Я удивилась, зачем он соврал.
– На какой срок приехали?
– Всего на день. На пару часов.
– Ну ясно, – ухмыльнулся в ответ офицер.
Я вспомнила, как однажды мы ездили в Австрию, где нам поставили в паспорта квадратные чернильные штампики, а тут таможенник просто чиркнул ручкой и пропустил нас.
Я могла только догадываться, что нас ждет в другой стране, но, к моему разочарованию, Словения оказалась все той же, какой я ее запомнила – такая же, как Хорватия в ее сельских районах за пределами Загреба: плоская, пустынная, заросшая травой равнина с горами на заднем плане, которые всегда как будто только маячили где-то вдали.
– Ты же знаешь, что на деньги мне наплевать, – сказал отец, нарушив тишину, повисшую еще с отъезда из дома.
– Знаю.
– Я просто беспокоюсь.
– Я знаю.
Отец взял маму за руку и поцеловал внутреннюю сторону запястья.

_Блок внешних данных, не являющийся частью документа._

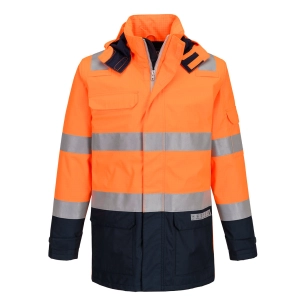 veste de pluie bizflame hv - taille m - orange/marine - portwest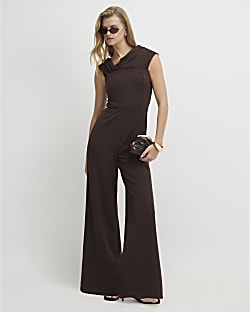 Brown Sleeveless Bardot Jumpsuit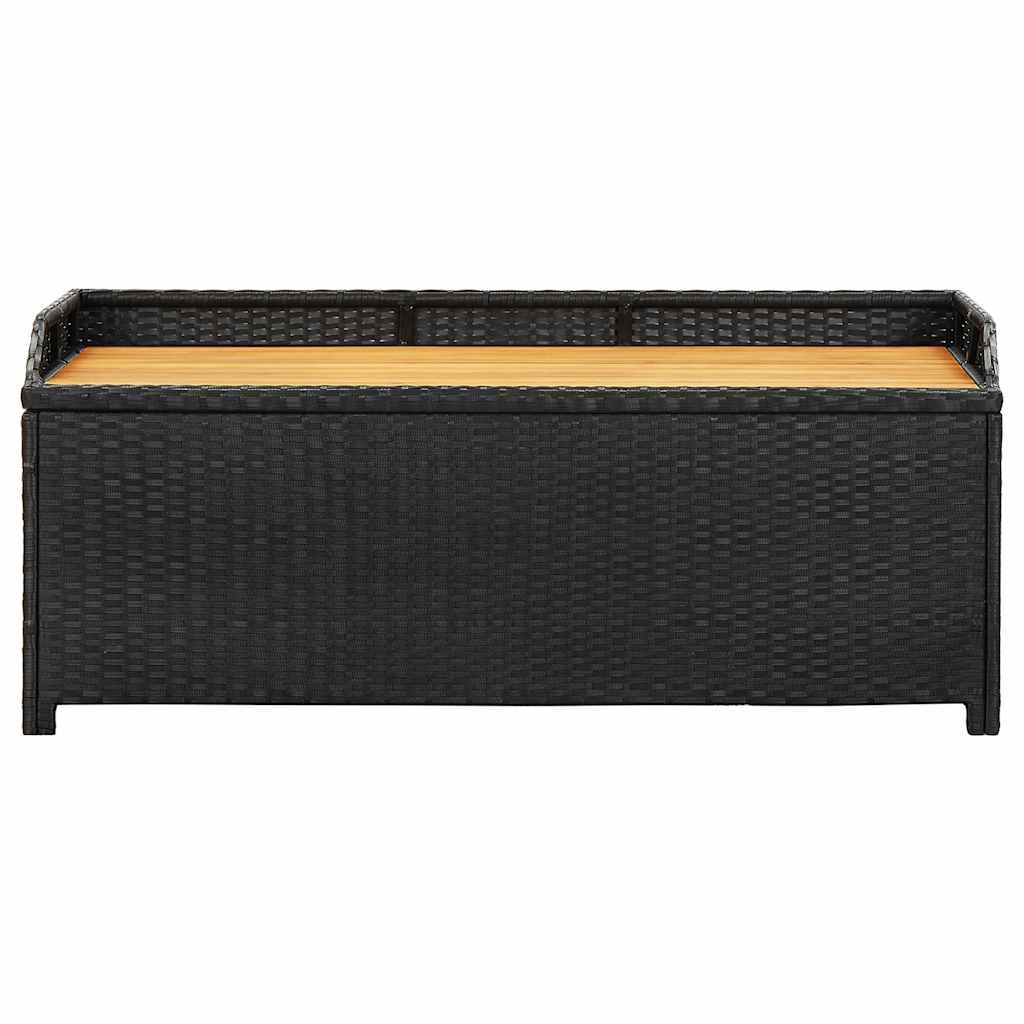 Bank mit Stauraum Schwarz 100x50x52 cm Poly Rattan Akazienholz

– Я знаю, – отозвалась она.
На подъезде к столице люди селились плотней, и город опоясывали скученные застройки. По сути, Любляна выглядела как уменьшенная, компактная копия Загреба – за исключением того, что река текла тут прямо через город, а не по окраине. Отличия между хорватским и словенским были нестерпимо мизерны, и слова на витринах и вывесках, с виду знакомые, но не совсем, оставались мучительно недосягаемыми для понимания.

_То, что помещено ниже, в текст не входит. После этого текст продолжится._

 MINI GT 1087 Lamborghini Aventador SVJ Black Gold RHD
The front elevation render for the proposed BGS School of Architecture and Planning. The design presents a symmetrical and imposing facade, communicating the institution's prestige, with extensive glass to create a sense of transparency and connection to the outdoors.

– Поликлиника в другую сторону, – возразил отец, когда мать сказала ему повернуть в какой-то безымянный переулок.
Он всегда преувеличенно отчетливо выговаривал слова, когда раздражался.
– Вот тут, – сказала мать.
Она указала на квартиру на втором этаже с наклеенным поперек двери красным крестом. Отец припарковал машину перед пожарным гидрантом.
– Добрый день, – поприветствовала нас по-английски какая-то женщина и пригласила войти. – Меня зовут доктор Карсон.
Я с первого класса учила английский, но для себя сочла этот язык смутно-невнятным, словно грамматику придумывали на ходу. И все же я твердо решила собраться с мыслями и вслушаться, насколько сумею. Доктор Карсон крепко пожала родителям руки. С порога мы сразу же очутились в гостиной, и женщина подвела нас к дивану, слишком большому для этой комнаты, с протертыми подушками в цветочек. По стенам висели, каждая с плакат размером, черно-белые фото тщедушных детишек в объятиях американских белозубых врачей. Под фотографиями на плакатах крупными печатными буквами было написано: «Медимиссия», а дальше следовали вариации ободряющих слоганов о детях, чудесах и светлом будущем.